WHAT THE TASK ASKS
Please give back, exactly as written, only the line containing "TESLA MODEL 3 2023 - 5YJ3E1EA9PF653363" and every line after it until the data below ends.

ENTRIES PROVIDED
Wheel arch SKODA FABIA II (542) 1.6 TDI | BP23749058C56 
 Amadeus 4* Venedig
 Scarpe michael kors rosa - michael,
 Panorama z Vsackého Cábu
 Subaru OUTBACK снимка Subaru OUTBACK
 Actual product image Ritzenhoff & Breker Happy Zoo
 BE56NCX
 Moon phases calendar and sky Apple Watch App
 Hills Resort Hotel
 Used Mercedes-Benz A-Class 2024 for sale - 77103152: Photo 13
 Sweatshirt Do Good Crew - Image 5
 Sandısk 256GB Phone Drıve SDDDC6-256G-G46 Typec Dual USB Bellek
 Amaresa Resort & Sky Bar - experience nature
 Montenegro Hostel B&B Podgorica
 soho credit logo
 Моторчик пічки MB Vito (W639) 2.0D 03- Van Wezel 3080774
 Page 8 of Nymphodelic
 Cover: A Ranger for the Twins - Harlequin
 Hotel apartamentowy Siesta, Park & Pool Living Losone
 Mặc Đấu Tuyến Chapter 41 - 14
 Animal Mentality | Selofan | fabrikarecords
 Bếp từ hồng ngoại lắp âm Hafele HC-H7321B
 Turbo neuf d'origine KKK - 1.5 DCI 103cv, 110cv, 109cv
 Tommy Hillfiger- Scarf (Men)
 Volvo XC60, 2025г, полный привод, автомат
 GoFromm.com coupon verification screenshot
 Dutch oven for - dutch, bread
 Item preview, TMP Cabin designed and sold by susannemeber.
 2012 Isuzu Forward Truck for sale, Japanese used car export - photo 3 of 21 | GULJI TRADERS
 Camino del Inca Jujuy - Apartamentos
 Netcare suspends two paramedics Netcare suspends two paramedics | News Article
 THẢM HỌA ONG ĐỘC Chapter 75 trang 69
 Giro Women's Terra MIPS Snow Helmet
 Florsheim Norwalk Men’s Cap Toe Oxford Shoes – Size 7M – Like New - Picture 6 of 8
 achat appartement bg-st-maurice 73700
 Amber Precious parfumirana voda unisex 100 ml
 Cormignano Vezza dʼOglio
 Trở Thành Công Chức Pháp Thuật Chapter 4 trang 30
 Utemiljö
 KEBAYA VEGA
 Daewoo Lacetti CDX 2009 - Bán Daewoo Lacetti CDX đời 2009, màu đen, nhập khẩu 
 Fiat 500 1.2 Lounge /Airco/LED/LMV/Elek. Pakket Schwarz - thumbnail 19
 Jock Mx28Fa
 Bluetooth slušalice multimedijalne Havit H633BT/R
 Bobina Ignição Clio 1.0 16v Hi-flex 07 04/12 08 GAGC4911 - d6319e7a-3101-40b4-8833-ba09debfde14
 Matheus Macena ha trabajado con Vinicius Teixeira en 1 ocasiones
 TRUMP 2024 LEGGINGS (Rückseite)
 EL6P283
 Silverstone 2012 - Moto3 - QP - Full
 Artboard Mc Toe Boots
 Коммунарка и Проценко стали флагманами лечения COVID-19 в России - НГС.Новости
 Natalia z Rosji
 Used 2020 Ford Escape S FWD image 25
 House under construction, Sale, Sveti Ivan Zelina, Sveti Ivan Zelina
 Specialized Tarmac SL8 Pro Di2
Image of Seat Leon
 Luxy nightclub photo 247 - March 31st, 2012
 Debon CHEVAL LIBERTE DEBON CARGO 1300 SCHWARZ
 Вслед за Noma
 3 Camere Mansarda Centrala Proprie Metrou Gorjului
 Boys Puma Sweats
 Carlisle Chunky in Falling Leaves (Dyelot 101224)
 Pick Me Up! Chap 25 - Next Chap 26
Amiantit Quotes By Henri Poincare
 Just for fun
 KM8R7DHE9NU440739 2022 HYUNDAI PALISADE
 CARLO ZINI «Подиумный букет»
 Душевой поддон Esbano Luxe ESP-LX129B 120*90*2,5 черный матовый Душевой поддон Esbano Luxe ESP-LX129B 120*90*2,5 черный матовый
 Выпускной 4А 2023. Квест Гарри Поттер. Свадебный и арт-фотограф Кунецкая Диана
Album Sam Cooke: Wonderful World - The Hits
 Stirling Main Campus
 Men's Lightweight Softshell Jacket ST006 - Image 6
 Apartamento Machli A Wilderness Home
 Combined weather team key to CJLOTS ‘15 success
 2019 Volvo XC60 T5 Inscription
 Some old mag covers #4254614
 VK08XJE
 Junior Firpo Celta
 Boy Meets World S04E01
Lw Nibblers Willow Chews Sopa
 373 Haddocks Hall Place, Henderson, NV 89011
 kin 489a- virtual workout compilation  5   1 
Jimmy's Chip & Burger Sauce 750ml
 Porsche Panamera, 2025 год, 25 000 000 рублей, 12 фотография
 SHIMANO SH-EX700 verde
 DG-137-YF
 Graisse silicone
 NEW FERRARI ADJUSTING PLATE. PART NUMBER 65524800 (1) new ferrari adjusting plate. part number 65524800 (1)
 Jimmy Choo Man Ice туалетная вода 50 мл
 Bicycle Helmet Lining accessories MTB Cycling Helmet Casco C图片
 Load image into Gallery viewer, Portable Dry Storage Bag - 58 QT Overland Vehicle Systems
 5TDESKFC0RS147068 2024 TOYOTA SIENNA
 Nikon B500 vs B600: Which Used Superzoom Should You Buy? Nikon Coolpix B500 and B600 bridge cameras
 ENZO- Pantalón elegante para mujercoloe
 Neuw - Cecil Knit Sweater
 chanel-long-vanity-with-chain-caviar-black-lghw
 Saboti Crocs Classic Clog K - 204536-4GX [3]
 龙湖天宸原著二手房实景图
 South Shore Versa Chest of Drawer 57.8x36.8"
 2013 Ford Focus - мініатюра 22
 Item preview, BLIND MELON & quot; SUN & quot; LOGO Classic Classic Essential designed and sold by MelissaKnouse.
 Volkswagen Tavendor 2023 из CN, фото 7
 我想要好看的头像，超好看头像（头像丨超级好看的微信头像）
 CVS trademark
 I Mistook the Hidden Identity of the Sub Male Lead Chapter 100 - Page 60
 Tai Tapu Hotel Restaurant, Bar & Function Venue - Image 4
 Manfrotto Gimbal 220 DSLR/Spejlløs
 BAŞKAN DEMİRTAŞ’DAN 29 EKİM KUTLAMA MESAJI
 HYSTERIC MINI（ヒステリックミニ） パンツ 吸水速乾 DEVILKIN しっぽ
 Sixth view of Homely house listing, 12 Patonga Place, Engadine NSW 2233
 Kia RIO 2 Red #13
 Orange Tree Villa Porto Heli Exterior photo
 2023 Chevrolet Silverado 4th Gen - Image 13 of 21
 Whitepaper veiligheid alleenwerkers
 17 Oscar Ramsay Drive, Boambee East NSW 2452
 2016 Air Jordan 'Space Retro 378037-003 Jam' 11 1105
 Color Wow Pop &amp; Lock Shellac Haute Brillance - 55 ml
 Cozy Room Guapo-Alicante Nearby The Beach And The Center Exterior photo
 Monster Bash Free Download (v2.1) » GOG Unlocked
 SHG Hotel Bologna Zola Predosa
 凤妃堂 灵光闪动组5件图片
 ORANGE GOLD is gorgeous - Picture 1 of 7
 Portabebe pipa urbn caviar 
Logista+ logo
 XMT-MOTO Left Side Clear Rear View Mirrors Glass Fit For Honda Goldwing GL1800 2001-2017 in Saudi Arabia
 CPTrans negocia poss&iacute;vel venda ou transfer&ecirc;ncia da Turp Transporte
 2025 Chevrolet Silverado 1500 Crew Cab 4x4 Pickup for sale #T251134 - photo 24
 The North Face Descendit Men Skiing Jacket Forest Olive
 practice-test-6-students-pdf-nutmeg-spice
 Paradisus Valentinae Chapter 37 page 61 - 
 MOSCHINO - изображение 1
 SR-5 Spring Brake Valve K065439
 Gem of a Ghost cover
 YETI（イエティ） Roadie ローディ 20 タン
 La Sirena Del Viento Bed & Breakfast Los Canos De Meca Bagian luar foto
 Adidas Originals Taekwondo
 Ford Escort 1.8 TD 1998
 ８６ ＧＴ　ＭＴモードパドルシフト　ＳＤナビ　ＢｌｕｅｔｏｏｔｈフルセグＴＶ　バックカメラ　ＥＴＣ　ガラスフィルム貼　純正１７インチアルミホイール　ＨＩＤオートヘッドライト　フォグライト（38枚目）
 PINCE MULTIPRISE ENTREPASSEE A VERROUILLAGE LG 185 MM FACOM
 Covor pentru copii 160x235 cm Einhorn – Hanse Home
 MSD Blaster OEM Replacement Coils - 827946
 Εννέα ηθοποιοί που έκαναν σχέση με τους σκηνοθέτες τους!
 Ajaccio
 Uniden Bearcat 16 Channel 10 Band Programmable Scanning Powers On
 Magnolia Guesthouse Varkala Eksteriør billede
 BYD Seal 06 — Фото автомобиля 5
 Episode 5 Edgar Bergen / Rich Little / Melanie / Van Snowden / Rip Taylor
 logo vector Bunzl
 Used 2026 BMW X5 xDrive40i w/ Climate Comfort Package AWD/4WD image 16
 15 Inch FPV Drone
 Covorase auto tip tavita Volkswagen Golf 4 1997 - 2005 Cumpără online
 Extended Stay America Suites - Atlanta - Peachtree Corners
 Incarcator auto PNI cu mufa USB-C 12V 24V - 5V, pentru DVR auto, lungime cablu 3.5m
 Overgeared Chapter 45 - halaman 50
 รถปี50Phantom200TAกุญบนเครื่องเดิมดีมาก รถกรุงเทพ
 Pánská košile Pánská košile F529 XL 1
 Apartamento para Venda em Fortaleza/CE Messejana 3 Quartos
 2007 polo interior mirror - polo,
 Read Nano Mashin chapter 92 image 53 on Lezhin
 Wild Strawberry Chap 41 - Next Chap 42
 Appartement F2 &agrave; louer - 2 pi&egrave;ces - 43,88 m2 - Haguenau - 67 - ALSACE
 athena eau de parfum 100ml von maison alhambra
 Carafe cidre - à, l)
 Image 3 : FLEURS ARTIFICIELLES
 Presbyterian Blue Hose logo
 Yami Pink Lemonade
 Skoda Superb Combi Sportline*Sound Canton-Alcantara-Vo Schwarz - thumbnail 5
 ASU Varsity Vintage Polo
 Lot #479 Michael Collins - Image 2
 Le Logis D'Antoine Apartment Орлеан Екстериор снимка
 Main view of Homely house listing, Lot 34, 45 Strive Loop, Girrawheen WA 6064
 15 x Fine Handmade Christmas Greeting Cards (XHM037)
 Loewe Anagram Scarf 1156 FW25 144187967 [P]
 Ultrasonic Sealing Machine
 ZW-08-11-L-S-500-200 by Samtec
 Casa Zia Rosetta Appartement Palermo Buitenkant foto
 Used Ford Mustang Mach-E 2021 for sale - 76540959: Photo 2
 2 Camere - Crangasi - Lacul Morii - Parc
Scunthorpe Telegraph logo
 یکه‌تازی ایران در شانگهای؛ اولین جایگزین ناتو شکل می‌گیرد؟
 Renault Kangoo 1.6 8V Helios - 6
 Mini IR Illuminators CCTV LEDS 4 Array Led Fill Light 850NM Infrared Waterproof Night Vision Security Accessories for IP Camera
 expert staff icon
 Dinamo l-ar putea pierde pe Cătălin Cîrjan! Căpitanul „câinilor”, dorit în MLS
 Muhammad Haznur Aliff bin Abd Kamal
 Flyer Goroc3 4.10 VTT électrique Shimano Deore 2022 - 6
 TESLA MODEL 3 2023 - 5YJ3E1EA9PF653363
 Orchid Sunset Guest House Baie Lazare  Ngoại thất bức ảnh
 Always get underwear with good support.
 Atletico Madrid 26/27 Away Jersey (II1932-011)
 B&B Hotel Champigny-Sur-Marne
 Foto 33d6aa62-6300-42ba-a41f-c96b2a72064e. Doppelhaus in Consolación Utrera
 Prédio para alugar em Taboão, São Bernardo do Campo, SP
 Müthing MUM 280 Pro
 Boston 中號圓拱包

EXERCISE RESULT
 TESLA MODEL 3 2023 - 5YJ3E1EA9PF653363
 Orchid Sunset Guest House Baie Lazare  Ngoại thất bức ảnh
 Always get underwear with good support.
 Atletico Madrid 26/27 Away Jersey (II1932-011)
 B&B Hotel Champigny-Sur-Marne
 Foto 33d6aa62-6300-42ba-a41f-c96b2a72064e. Doppelhaus in Consolación Utrera
 Prédio para alugar em Taboão, São Bernardo do Campo, SP
 Müthing MUM 280 Pro
 Boston 中號圓拱包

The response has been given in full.